___ Source information ___

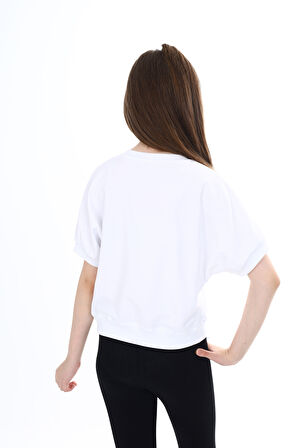 Toontoy Kız Çocuk Armalı Tişört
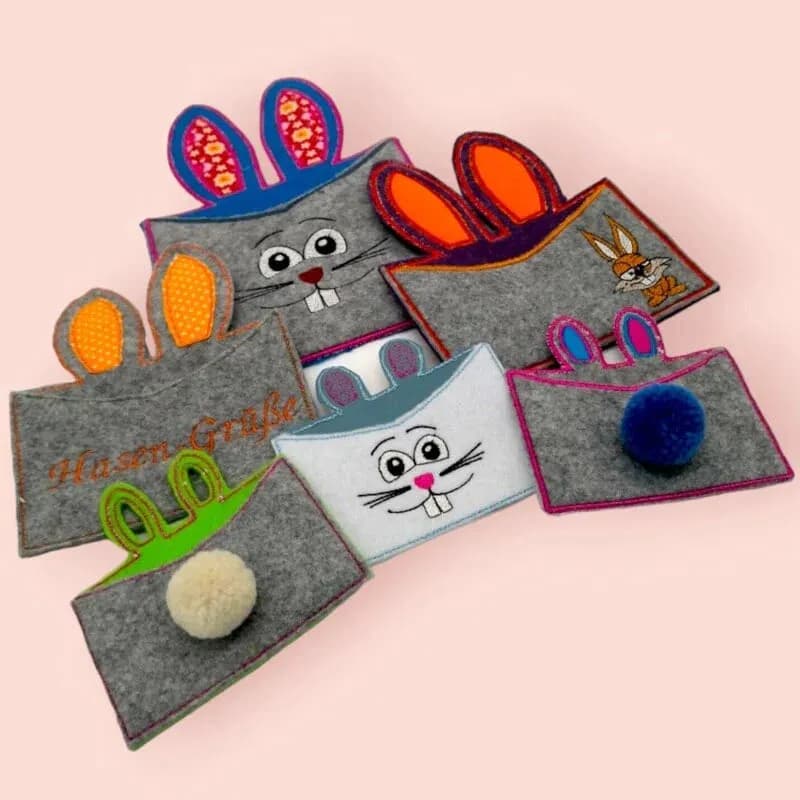 ITH Stickdatei Hasen Hülle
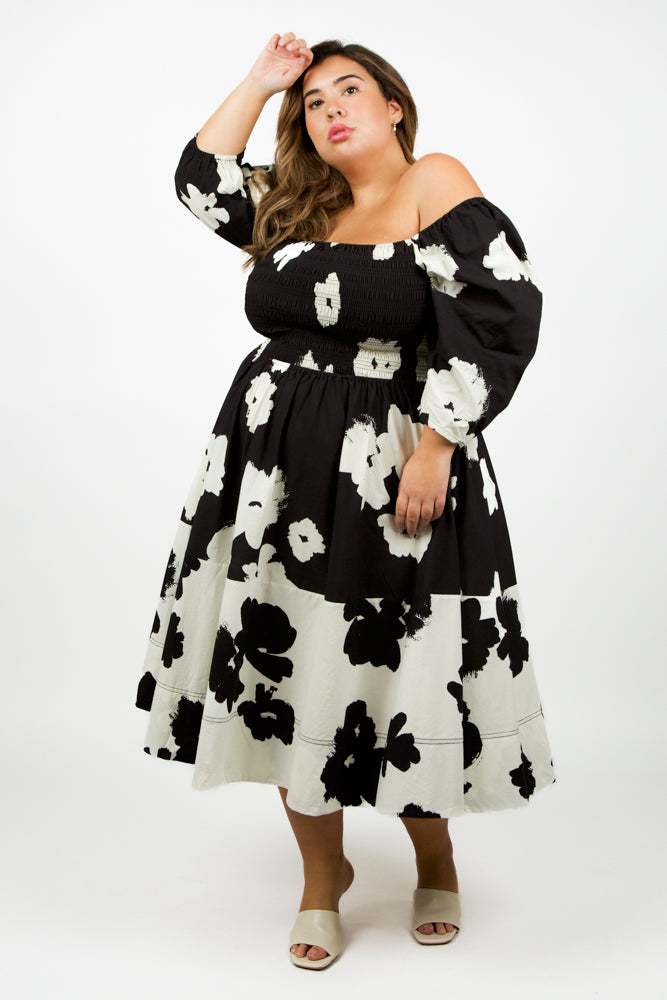 KARENA DRESS plus-size - AMOUR781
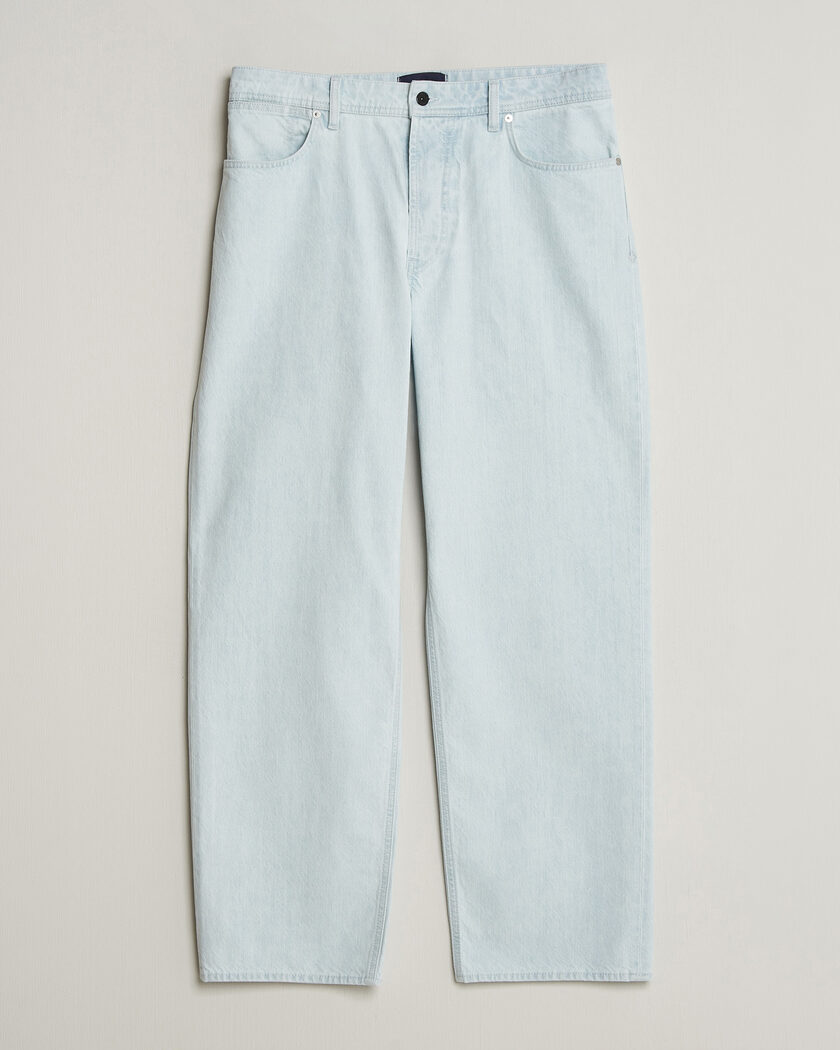 Stone Island Loose Fit Denim Jeans Blue Extra Bleach – Blauw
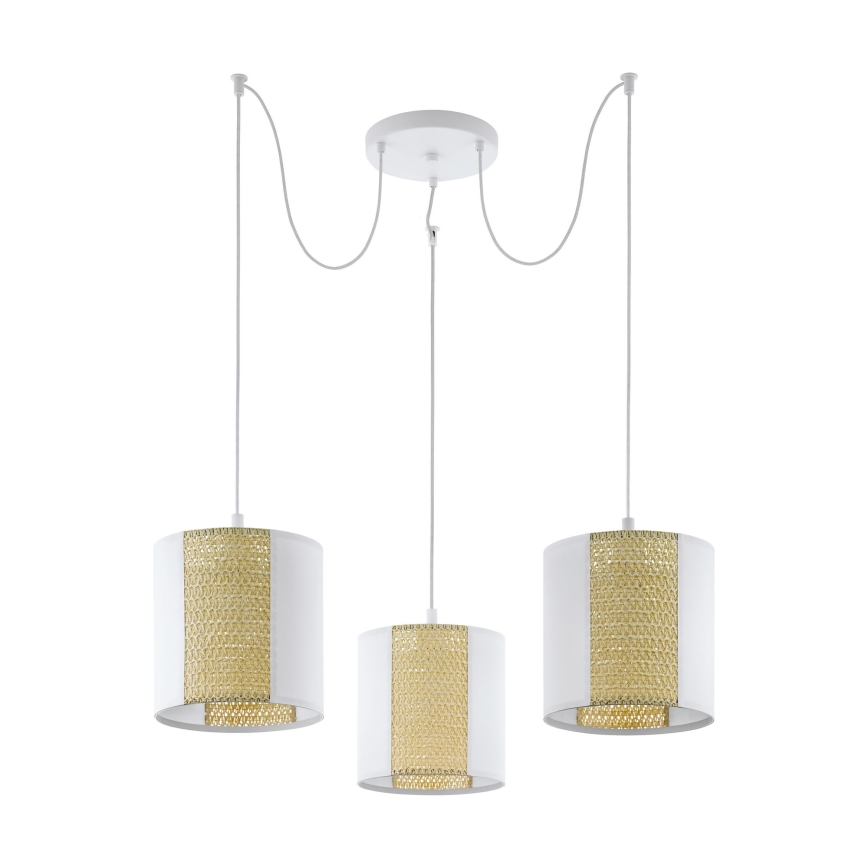 Eglo - Luster na sajli 3xE27/40W/230V pauk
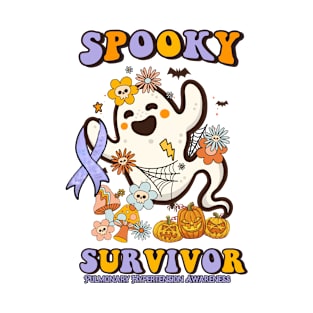 Pulmonary Hypertension Awareness - spooky survivor ghost retro halloween T-Shirt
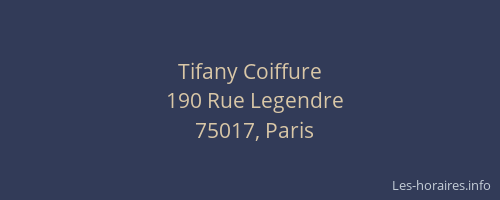 Tifany Coiffure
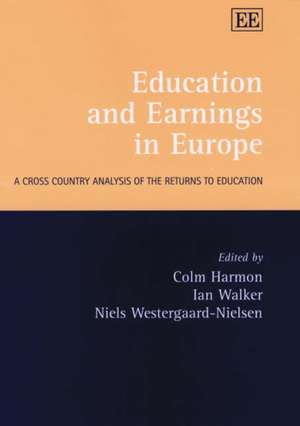 Education and Earnings in Europe – A Cross Country Analysis of the Returns to Education de Colm Harmon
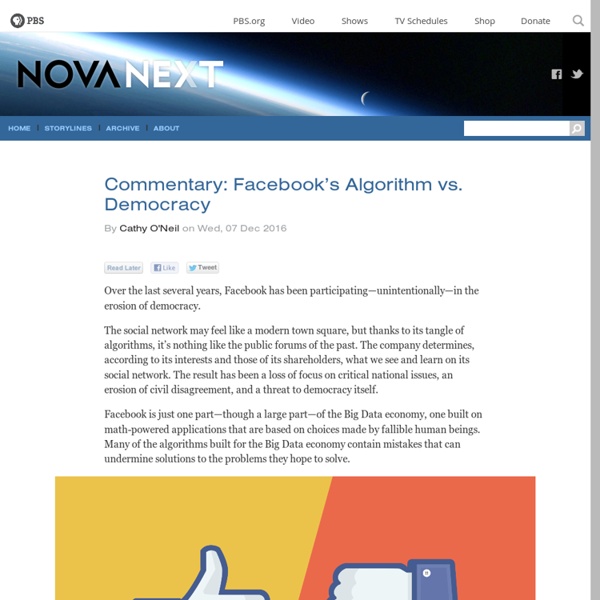 Commentary: It’s Facebook’s algorithm vs. democracy, and so far the algorithm is winning — NOVA Next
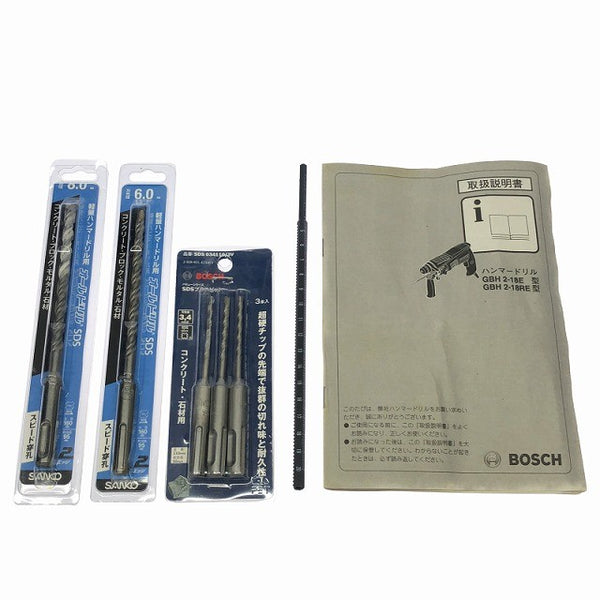 ☆比較的綺麗☆BOSCH ボッシュ 100V ハンマードリル GBH2-18RE ケース付 コード式 ハンマドリル 穴あけ 穿孔 電動工具127304 - 10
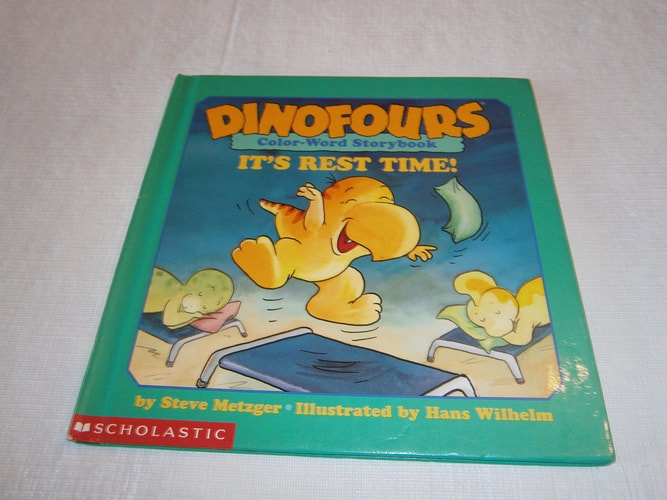 It's Rest Time- Dinofour (Color-Word Storybook, First Scholastic printing, October 2001)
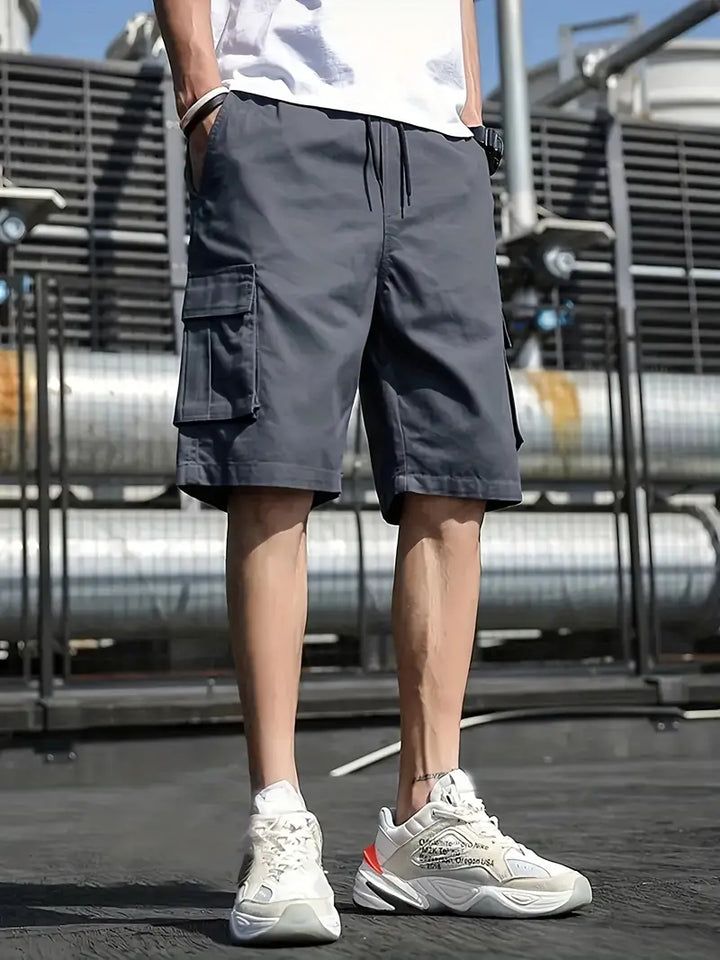 Levoire | Shorts Cargo à Poches avec Cordon Gris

___

Aim of the exercise:
In the copy, every entry appears exactly as written above and no picture appears.

Output of the task:
 Toontoy Kız Çocuk Armalı Tişört
 ITH Stickdatei Hasen Hülle
 KARENA DRESS plus-size - AMOUR781
 Stone Island Loose Fit Denim Jeans Blue Extra Bleach – Blauw
 Eglo - Luster na sajli 3xE27/40W/230V pauk
 Pulmonary Hypertension Awareness - spooky survivor ghost retro halloween T-Shirt
 Tifany Coiffure
 Education and Earnings in Europe – A Cross Country Analysis of the Returns to Education de Colm Harmon
 Commentary: It’s Facebook’s algorithm vs. democracy, and so far the algorithm is winning — NOVA Next
 ☆比較的綺麗☆BOSCH ボッシュ 100V ハンマードリル GBH2-18RE ケース付 コード式 ハンマドリル 穴あけ 穿孔 電動工具127304 - 10
 It's Rest Time- Dinofour (Color-Word Storybook, First Scholastic printing, October 2001)
 Levoire | Shorts Cargo à Poches avec Cordon Gris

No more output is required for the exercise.